Source data
-*-
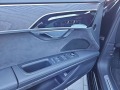 Audi A8 - [5] 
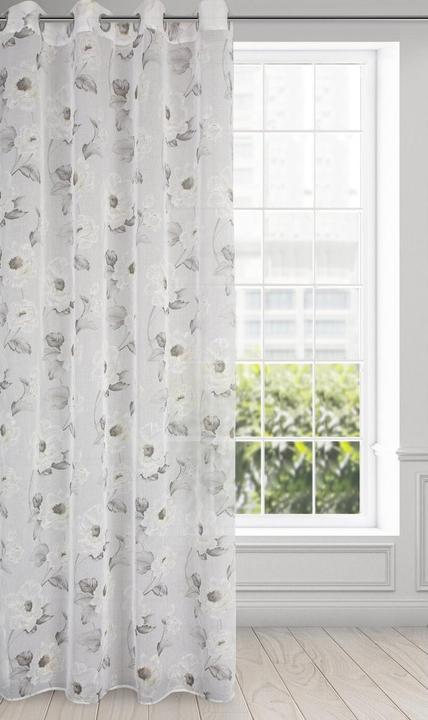 Actual product image Eurofirany Fir (140 x 250 cm)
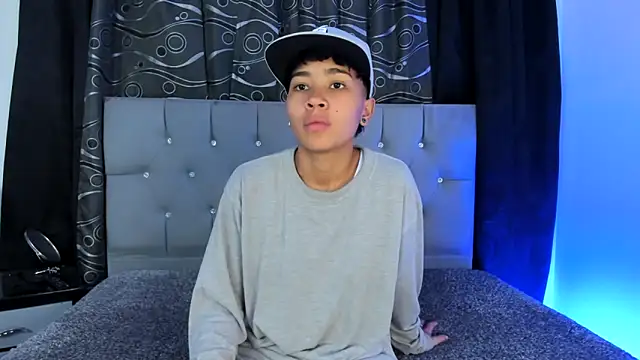 nova sex01 online show from December 2024 03:47:02 AM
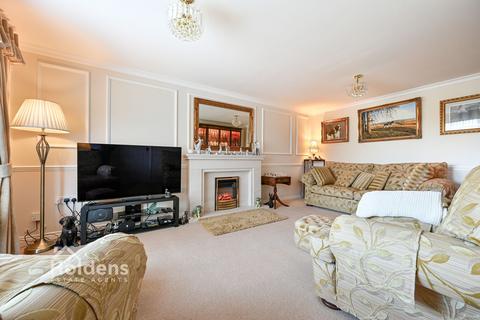 undefined, Ivy Farm Close, Longridge, PR3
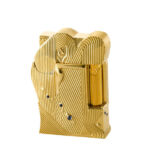 Dupont Oda Prestige Collection Isqueiro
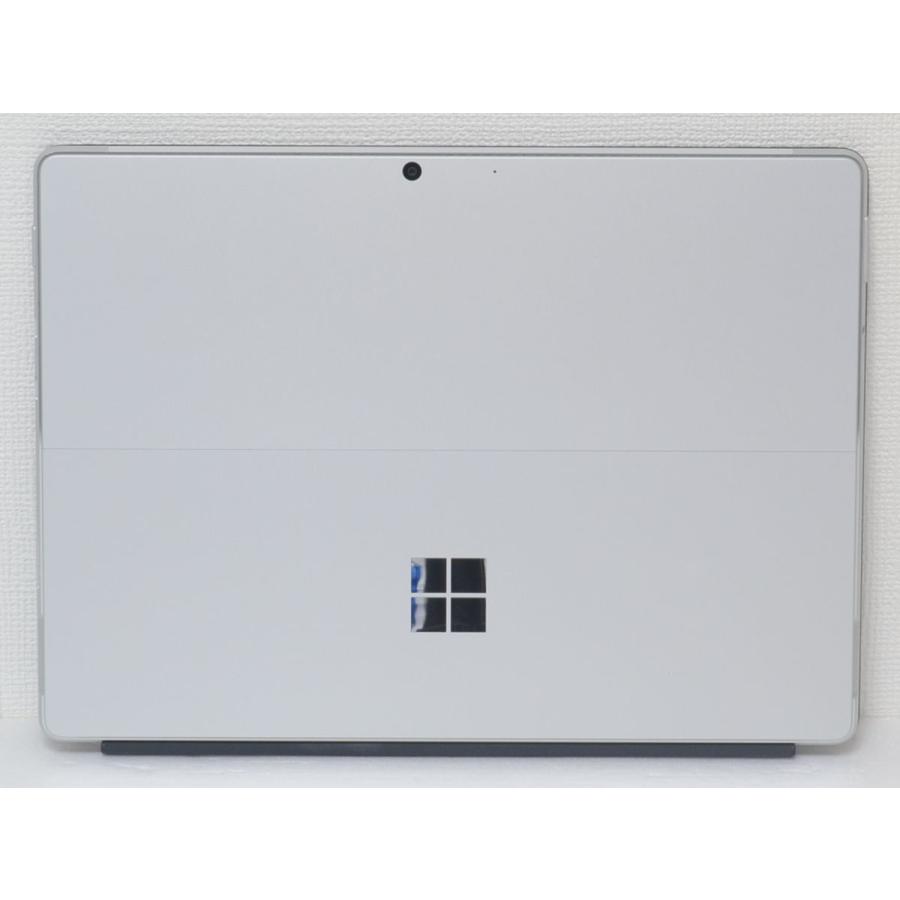 Surface Pro 美品 Pro8 Core i5 16GB 256GB BT最大容量90％ カメラ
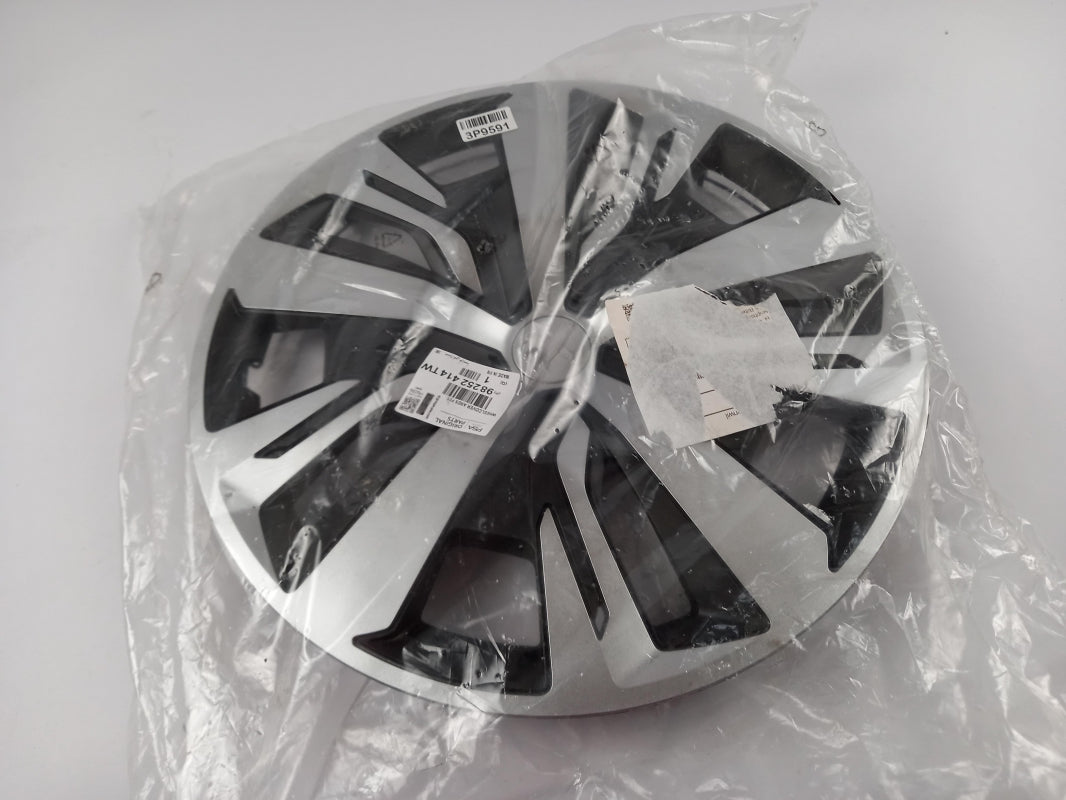 Original OE Peugeot Radkappe 98252414TW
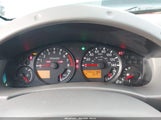 Nissan Frontier Sv 1N6AD0FVXEN766823 photo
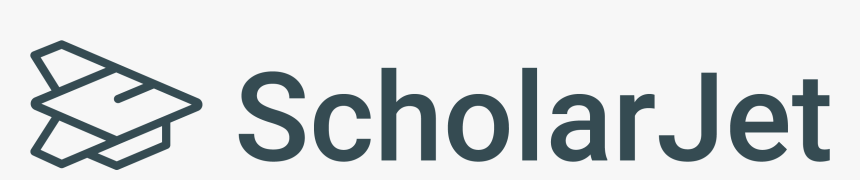 Scholarjet Logo, HD Png Download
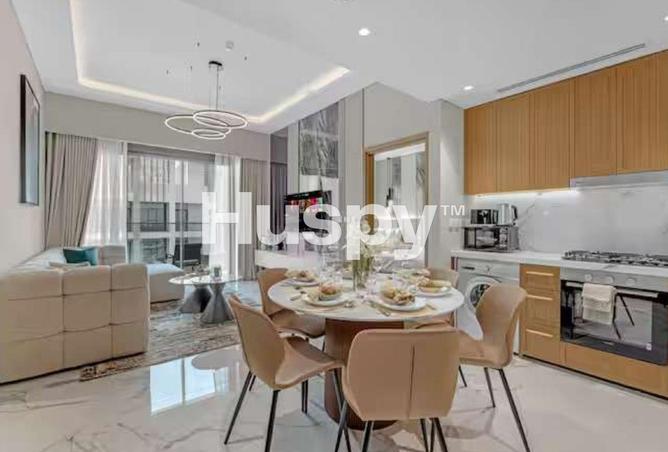 15621271 - Property Image 2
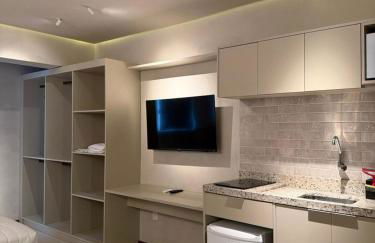 Feira Business Celita Franca - Photo 36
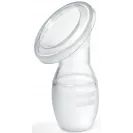 KOLEKTOR POKARMU MLEKA NA POKARM POJEMNIK 1399 BABYONO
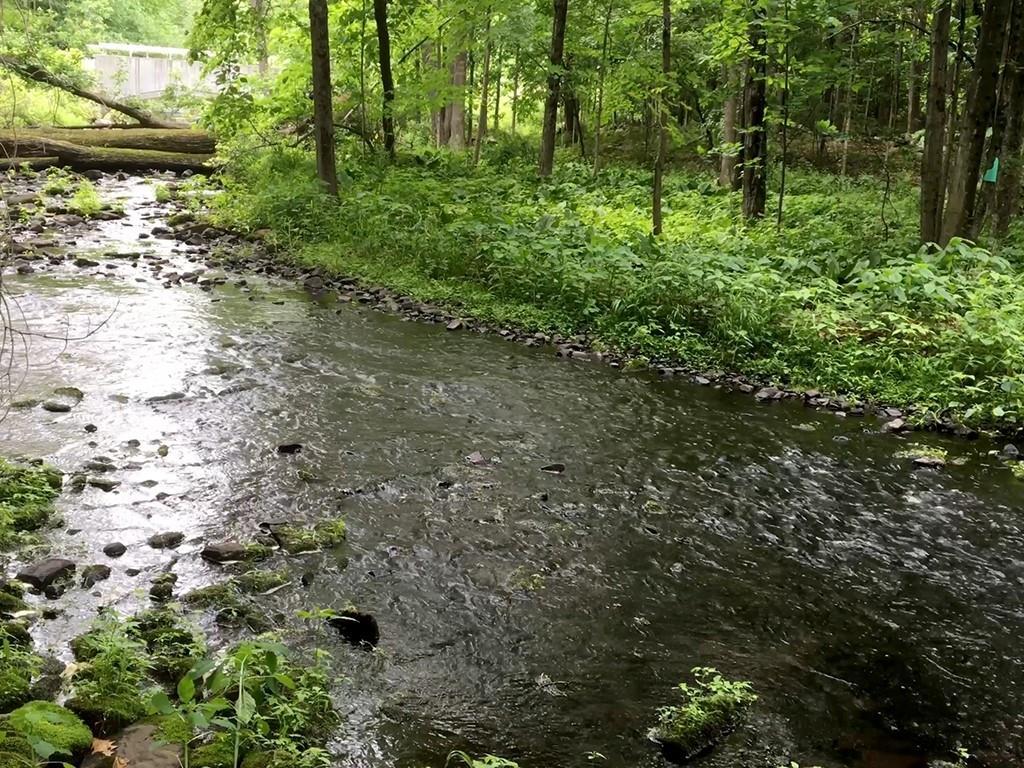 1 of 1 - 370 County Route 17, Montgomery, NY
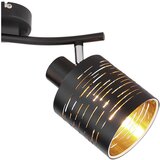 Globo reflektor | Shoptok.si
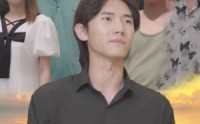 【漫长的黎明】80集完整短剧在线观看高清版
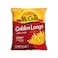 McCain Golden Long Fries 1.5kg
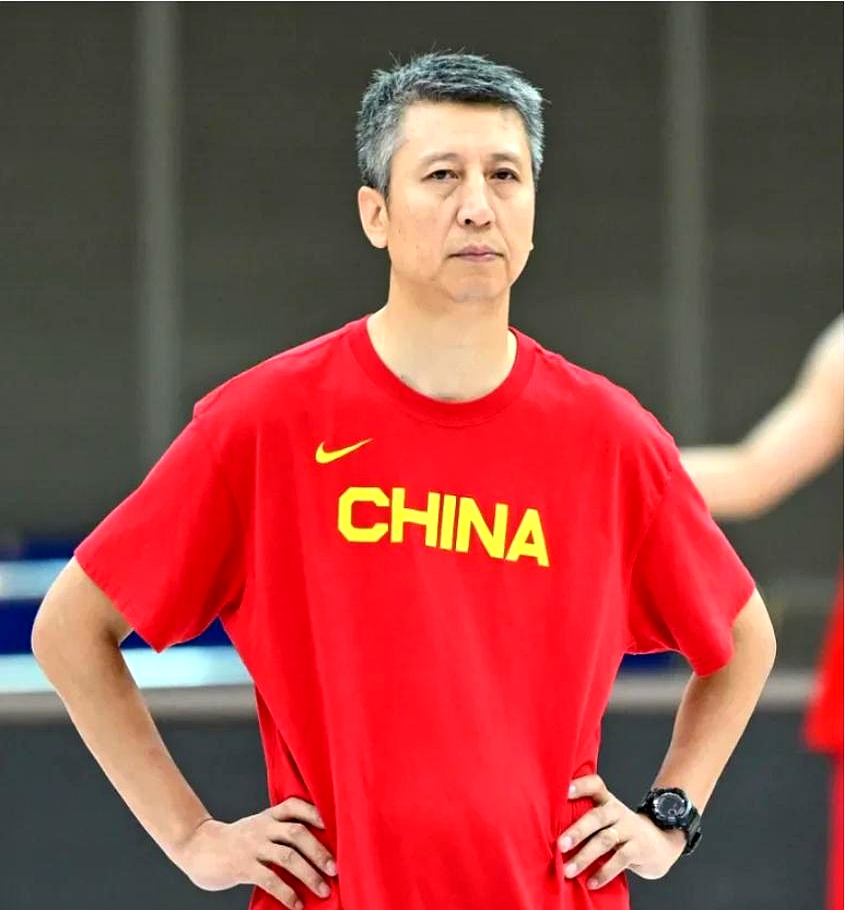 关于马来西亚男篮晋级十六强，表现令人眼前一亮的信息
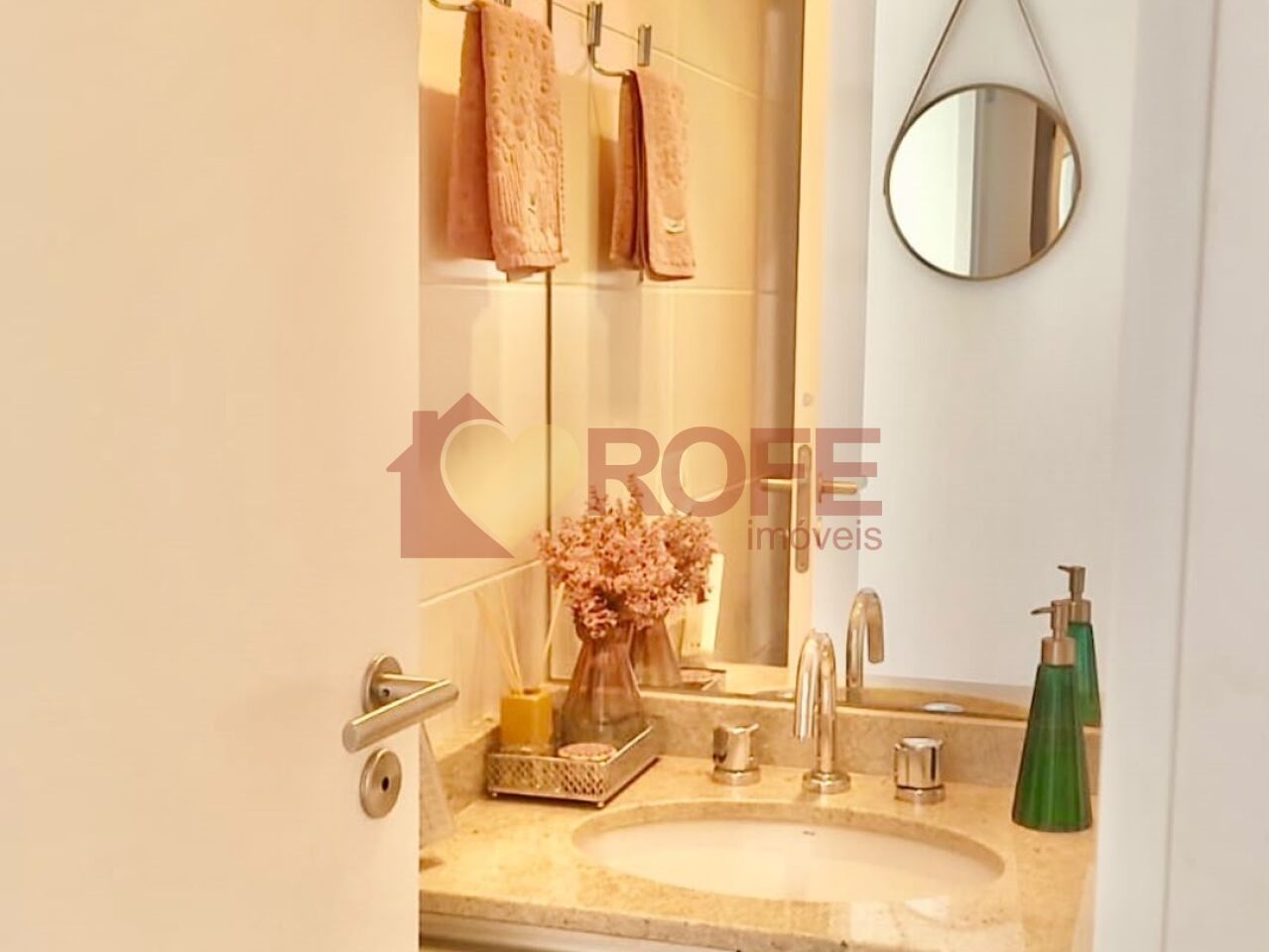 Foto 6 - RF7958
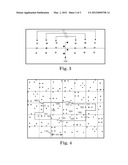 COLOR PLANE REGISTRATION ERROR MEASUREMENT diagram and image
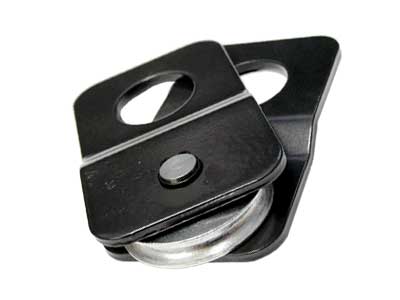 VOIMANKERTOJA 9,5 MM VAIJERILLE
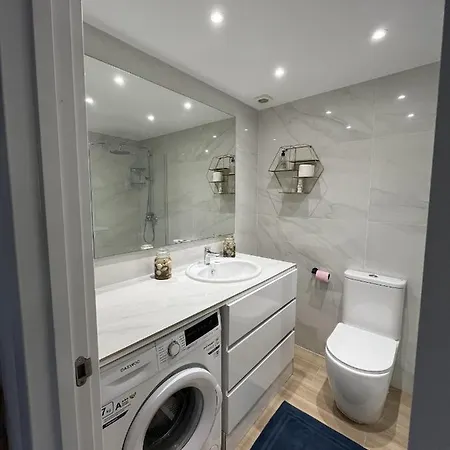 Prázdninový dům 151 Tropicana Park 30 - Deniasol *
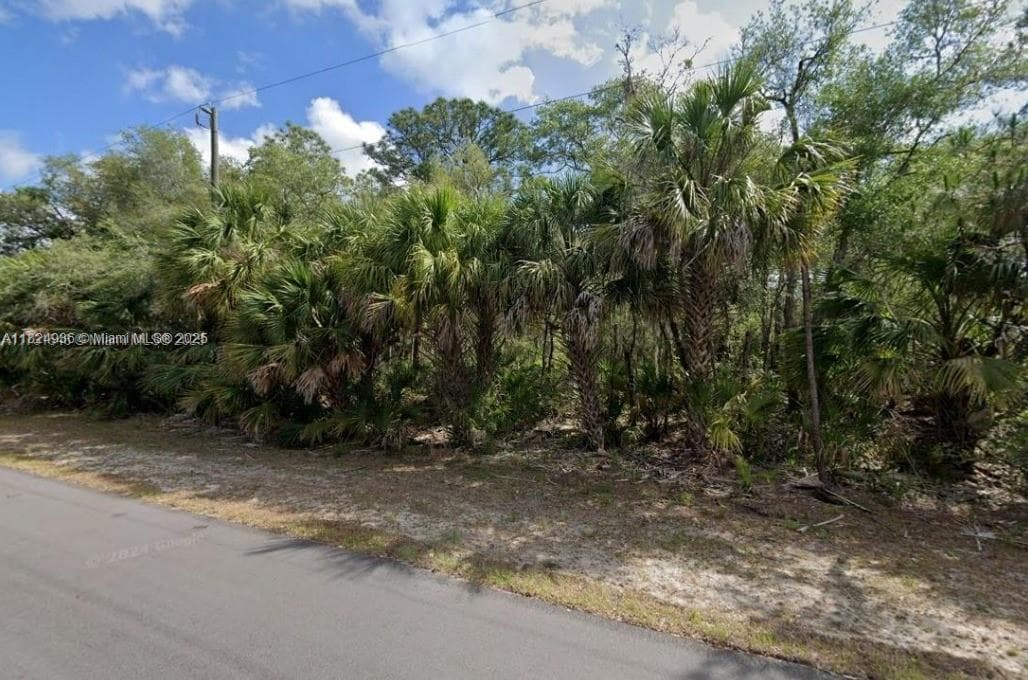 1346 Caraboa Ln, Port Charlotte FL 33953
-*-
▸ Exercise directions
Your copy should hold each line above exactly and no pictures at all.

▸ Result
 Audi A8 - [5] 
 Actual product image Eurofirany Fir (140 x 250 cm)
 nova sex01 online show from December 2024 03:47:02 AM
 undefined, Ivy Farm Close, Longridge, PR3
 Dupont Oda Prestige Collection Isqueiro
 Surface Pro 美品 Pro8 Core i5 16GB 256GB BT最大容量90％ カメラ
 Original OE Peugeot Radkappe 98252414TW
 Nissan Frontier Sv 1N6AD0FVXEN766823 photo
 Scholarjet Logo, HD Png Download
 15621271 - Property Image 2
 Feira Business Celita Franca - Photo 36
 KOLEKTOR POKARMU MLEKA NA POKARM POJEMNIK 1399 BABYONO
 1 of 1 - 370 County Route 17, Montgomery, NY
 Globo reflektor | Shoptok.si
 【漫长的黎明】80集完整短剧在线观看高清版
 McCain Golden Long Fries 1.5kg
 关于马来西亚男篮晋级十六强，表现令人眼前一亮的信息
 Foto 6 - RF7958
 COLOR PLANE REGISTRATION ERROR MEASUREMENT diagram and image
 VOIMANKERTOJA 9,5 MM VAIJERILLE
 Prázdninový dům 151 Tropicana Park 30 - Deniasol *
 1346 Caraboa Ln, Port Charlotte FL 33953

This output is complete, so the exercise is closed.